Maraknya kasus berhaji dengan visa non haji membuat Pengurus Besar Harian Syuriyah Nahdlatul Ulama (NU) mengeluarkan fatwa.
Hasil musyawarah PBNU yang digelar pada 28 Mei 2024 di Jakarta lalu, mengatakan bahwa berhaji menggunakan visa non haji hukumnya cacat dan berdosa. Meskipun haji tersebut tetap terhitung sah.
“Musyawarah Pengurus Besar Harian Syuriyah memutuskan bahwa haji dengan visa non haji (tidak prosedural) adalah sah akan tetapi cacat dan yang bersangkutan berdosa,” demikian dikutip dari Lampiran Keputusan Pengurus Besar Harian Syuriyah NU, Kamis (30/5).
Putusan ini didasarkan pada sejumlah pertimbanga yakni pertama, syarat utama dari ibadah haji adalah istitha'ah (memiliki kemampuan) dalam berbagai aspeknya, mulai mampu secara materi untuk biaya haji dan biaya keluarga yang ditinggalkan, mampu fisik dengan kesehatan yang baik untuk mendukung pelaksanaan ibadah haji hingga mampu untuk menghadirkan rasa aman selama berada di Tanah Suci.
Kemudian yang kedua, yakni harus sesuai dengan Undang-undang (UU) Nomor 8 Tahun 2019 tentang Penyelenggaraan Ibadah Haji dan Umrah. Di mana terdapat dua jenis visa haji indonesia yang legal, yaitu visa haji kuota Indonesia (kuota haji reguler dan haji khusus) dan visa haji mujamalah (undangan pemerintah Kerajaan Arab Saudi).

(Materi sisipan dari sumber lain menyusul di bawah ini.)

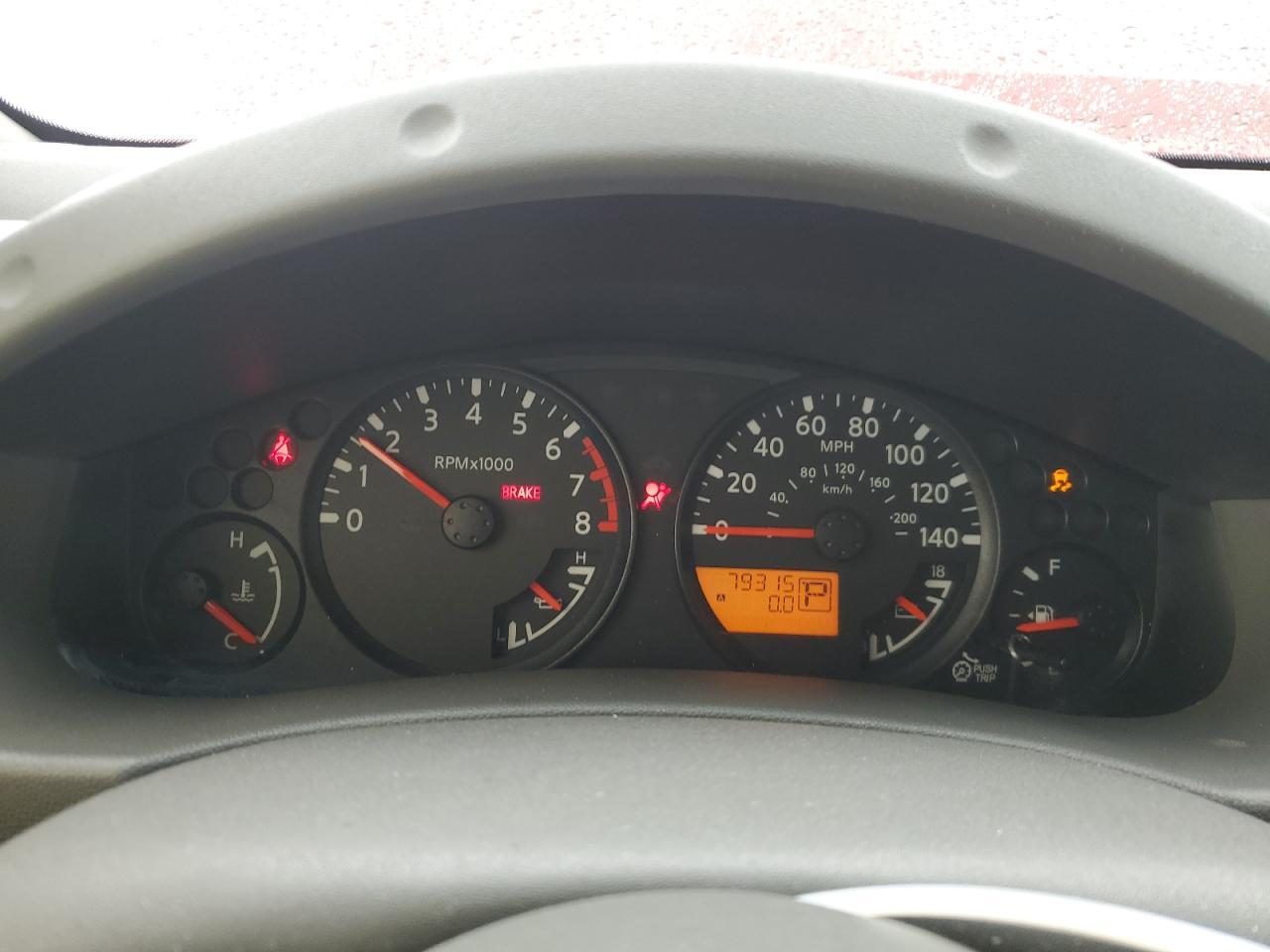 2018 NISSAN Frontier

Haji dengan visa mujamalah ini populer dengan sebutan haji furoda, yakni haji yang menggunakan visa undangan dari pemerintah Kerajaan Arab Saudi. Jemaah yang menggunakan visa ini wajib berangkat melalui Penyelenggara Ibadah Haji Khusus (PIHK).
Baca Juga
Menurut keputusan musyawarah Pengurus Besar Harian Syuriyah NU, haji visa non haji (tidak prosedural) sah, karena visa haji bukan bagian dari syarat-syarat haji dan rukun-rukun haji dan larangan agama yang berwujud dalam larangan pemerintah Arab Saudi bersifat eksternal (راجع إلى أمر خارج).
Sedangkan hajinya dianggap cacat dan yang bersangkutan berdosa karena melanggar aturan syari'at yang mewajibkan menaati perintah ulil amri dan mematuhi perjanjian (يا أيها الذين آمنوا أوفوا بالعقود).